憑依された女の子

カテゴリー「日常に潜む恐怖」

15年前に会社の女の子を夜中に送った時の出来事です。
昔のことですから記憶が曖昧な部分があると思いますがご容赦下さい。

確か、忘年会の時だったと思います。
私は会社から社用車を借りていたので、よく飲んだ時は酔いを醒ましてから車で自宅まで帰っていました。

経理部に属していたその子はずいぶんと酔っていたみたいで、私が介抱する役目を上司から言われて、仕方なしにその子を車まで連れて行き、私の酔いざましも含めて小一時間くらい休んでいました。

目を覚ますと12時を過ぎていて、相手の子を起こしましたが電車がないのでそのまま送っていくことにしました。
確か、その子は会社から相当離れた地域から通っていたので、自分が帰宅できるのは明け方くらいかなぁと思いました。

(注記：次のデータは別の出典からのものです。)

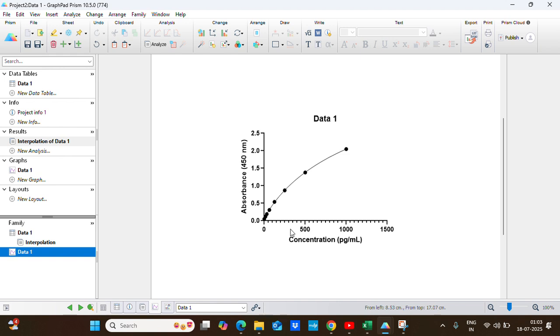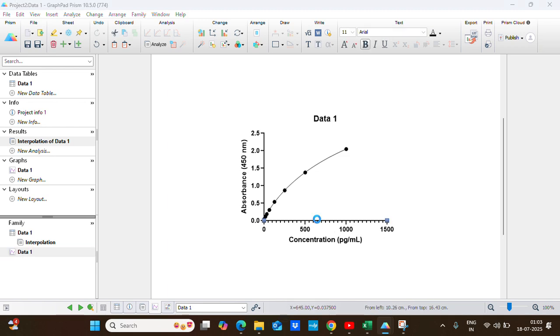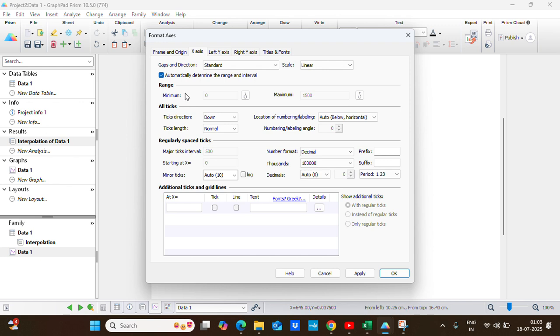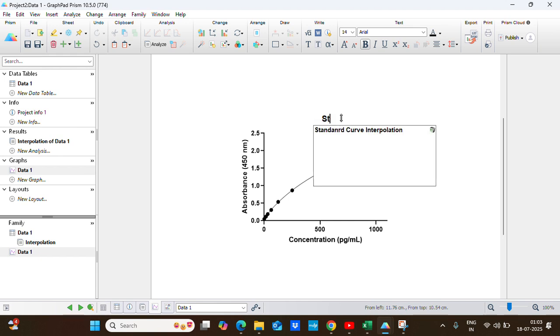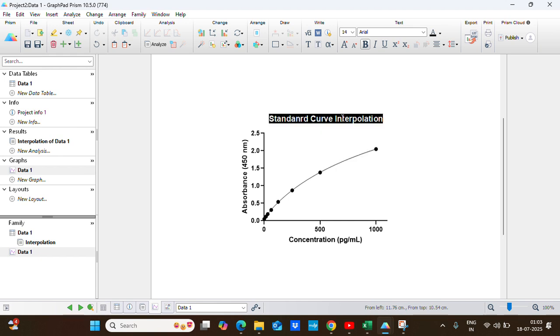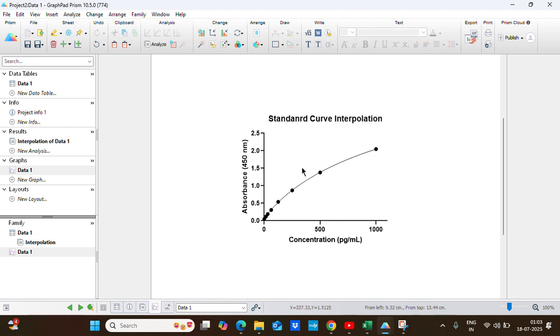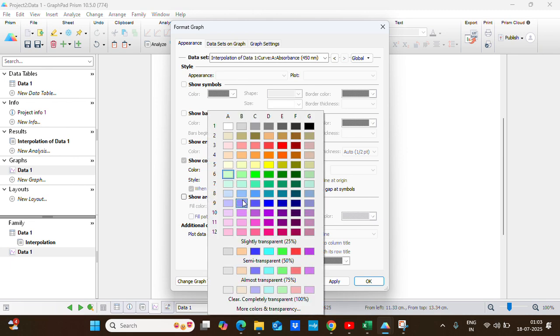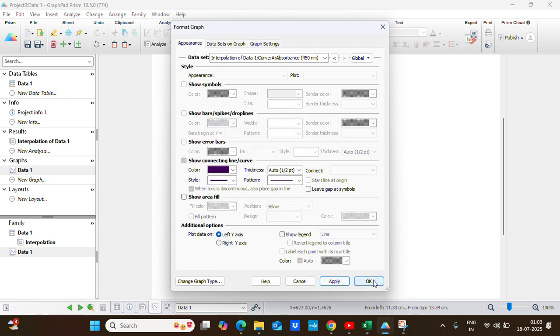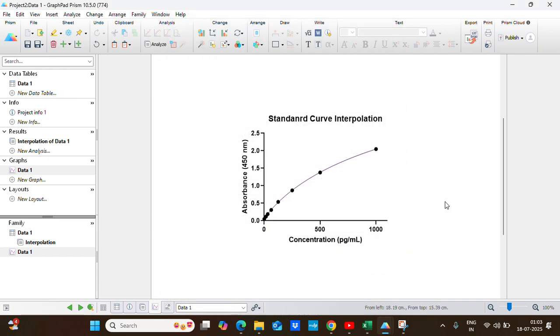We will do some editing and formatting. I will change the X-axis scale. I will change the label to Standard Curve Interpolation. I will change the color to make it darker.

その子はT市に住んでいましたが、眠いだろうから近くまできたら起こしてナビをしてもらおうと、ひたすら運転してT市郊外まできたところで彼女を起こしました。

ナビをしてくれている彼女の様子がおかしいと気付き始めた矢先に、道は林道から森の道へと変わっていきました。
明らかにこんな先には民家さえないだろうと思われる場所を走っていたように思います。

彼女は淡々と「次は右へ」「十字路を左へ」とナビしていきました。
声が上ずっていて、ゆっくりと話す感じです。
私は気分でも悪いのかと思い、「少し休もうか?」と言いましたが、彼女は大丈夫と言い、ナビを続けました。

彼女が小声で呟くように「・・・許せない・・・許さない・・・」と言っていたのを聞き取りました。

私は「え?なんか言った?」と彼女に問うと「許さないんだよっ!!」と大声でそれも男性の声に近い声で叫んだのです。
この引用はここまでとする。